How can Kish bike if he can't see? The method is called echolocation — Kish calls it "flash sonar." As he speeds along on his bike, he makes clicking sounds. As the clicks bounce back to him, he creates a mental image of the space around him. He's kind of like a human bat.
"It is literally a process of seeing with sound," he says.
Daniel Kish leads All Things Considered weekend host Guy Raz on a bike ride in Culver City, Los Angeles, Ca.
“I think that children are incredibly adaptable and intuitive. We know this. I work a lot with children, especially very young children. What I often tell parents when children lose their sight is — warn and support parents — to try and get themselves out of the way of the adaptation process, become more an asset to it than a liability. Because children will adapt if given support to do so and given space to do so.
…It’s the overall process of being willing to reach out into the environment and discover what is around them. If that discovery process is broken by introducing a situation that is not natural, such as keeping the blind child in a playpen or a crib or in the corner, or such as always guiding their hands around their environment or guiding their bodies around their environment — [you really just have to let them figure it out.
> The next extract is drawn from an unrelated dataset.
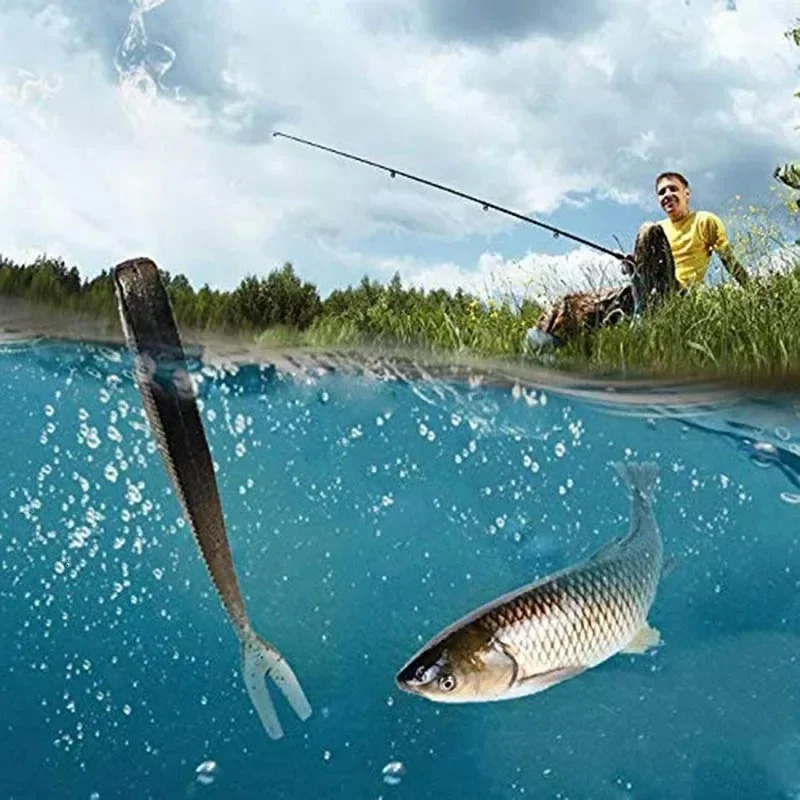 Soft Bait Fish Swimbait Fork Tail With Hook Without Hooks Fishing Lure Artificial Silicone Tackle Goods 250708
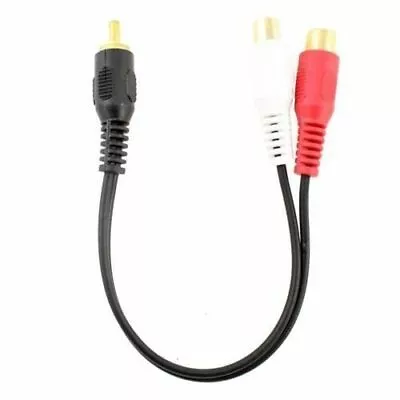 6 Inch RCA Male To 2 RCA Female Gold Plated Audio Adapter Y Splitter Cable 6  • $3.25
Getting hurt] is part of it for any child…It is tough, but there’s still a kind of a priori difference. When a sighted child gets hurt we consider it to be unfortunate; when a blind child gets hurt we consider it to be tragic…We really need to divest ourselves of that double standard.
[At World Access for the Blind] our main focus is supporting individuals to access their environment better…It is about a philosophy that we call No Limits Philosophy which challenges us to challenge what we think we know. To challenge every boundary, every box, every limitation that we’ve either put up ourselves or allowed ourselves to be conditioned to accept.
… Conventional wisdom doesn’t favor blindness. Conventional wisdom basically favors the perpetuation of convention. Blindness is not conventional — it’s anything and everything but conventional. So we tend to challenge conventional wisdom to expand itself and accept that there are situations, circumstances which are not conventional yet which still warrant accommodation, consideration, acceptance, awareness.